Their letter came after controversy over an August 2022 Mass in the Diocese of Chur at which a longtime de facto parish administrator, Zurich resident Monika Schmid, appeared to concelebrate the Eucharist to mark her retirement.

Bishop Bonnemain quickly opened a preliminary canonical investigation into the action on the grounds of alleged liturgical abuse. Canon 907 of the Catholic Church’s canon law bars Catholic deacons and Catholic laity from offering the eucharistic prayer and from performing actions “proper to the celebrating priest.”

Schmid has denied her actions constituted an attempt to concelebrate Mass or to be provocative, the Swiss Catholic internet news portal Cath.ch reported. Schmid acknowledged that as a woman she can’t validly celebrate the Eucharist as ordained Catholic priests do. She said the controversy was based on a video clip uploaded to the internet without the knowledge of all the participants.

“And some are already seeing red when they see a woman at the altar in a photo,” she said.

According to Cath.ch, the video of the Mass “clearly shows her, in civilian clothes, at the altar, surrounded by two priests and pronouncing with them, extending her arms, the text of the consecration of bread and wine and of the eucharistic prayer.”

The text of the eucharistic prayer had been “extensively revised,” La Croix reported in September.

In their letter, the bishops of German-speaking Switzerland said they are aware that some have argued that women participate in the liturgy.

“We hear the requests of many people to be able to participate in the liturgy in other ways, for example as women,” they said. “However, we urge you to not make the sign of unity that is the liturgy into a testing ground for personal projects. It is precisely in the worldwide celebration of the same liturgy that we are Catholic and in solidarity with one another.”

The bishops rejected any claim that they were defending “patriarchal clericalism.” Rather, they said, “priests, in the service and execution of the sacraments, make visible that Jesus Christ himself acts in and through the sacraments.” Priests “keep open, as it were, space for God’s action in the liturgy.”

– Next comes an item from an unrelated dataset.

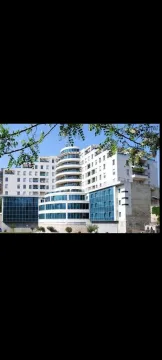 Exterior view of a modern residential building with a glass facade. - image 2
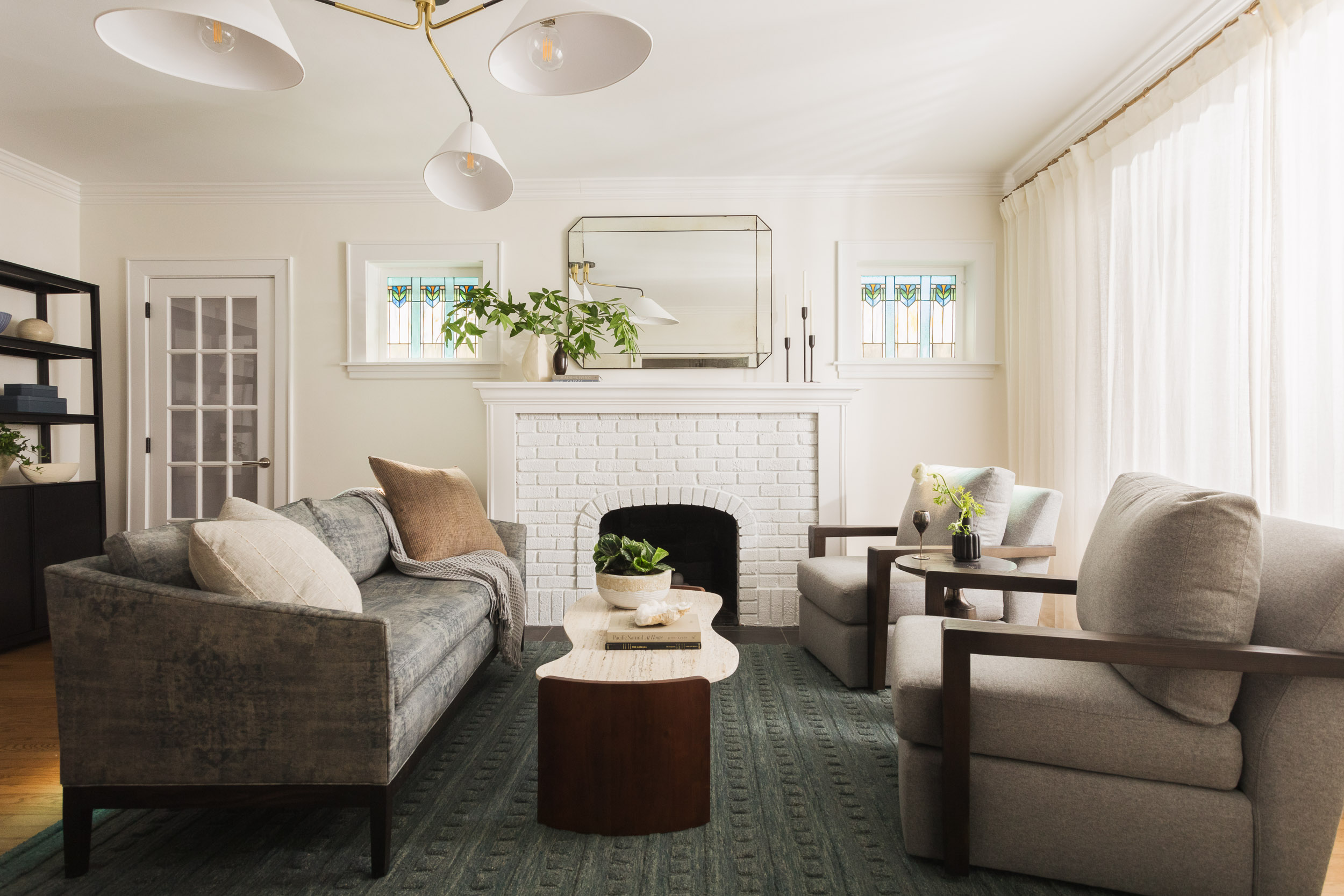 full-service-interior-design-60091-guidance-through-design-process-formal-living-room-rich-deep-colors-curved-coffee-table-comfortable-furnishings-thoughtful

Schmid, the pastoral worker whose retirement Mass sparked the controversy, was critical of the bishops’ letter. She advocated a liturgical celebration that, in her view, “reaches out to people in their daily lives, in their language and in their understanding of themselves,” Cath.ch reported.

The bishops referred to Pope Francis’ June 2022 apostolic letter Desiderio desideravi. It insists on the quality of liturgies, the careful attention to every aspect of liturgical celebration, and the observance of every rubric.

According to La Croix, the German bishops invited Catholics to use “the diversity of forms for liturgical celebrations that the Church offers … and to use places in the liturgy, such as reflection, preaching, meditation, intercessions, songs, music, and silence, so that you can be part of it personally.”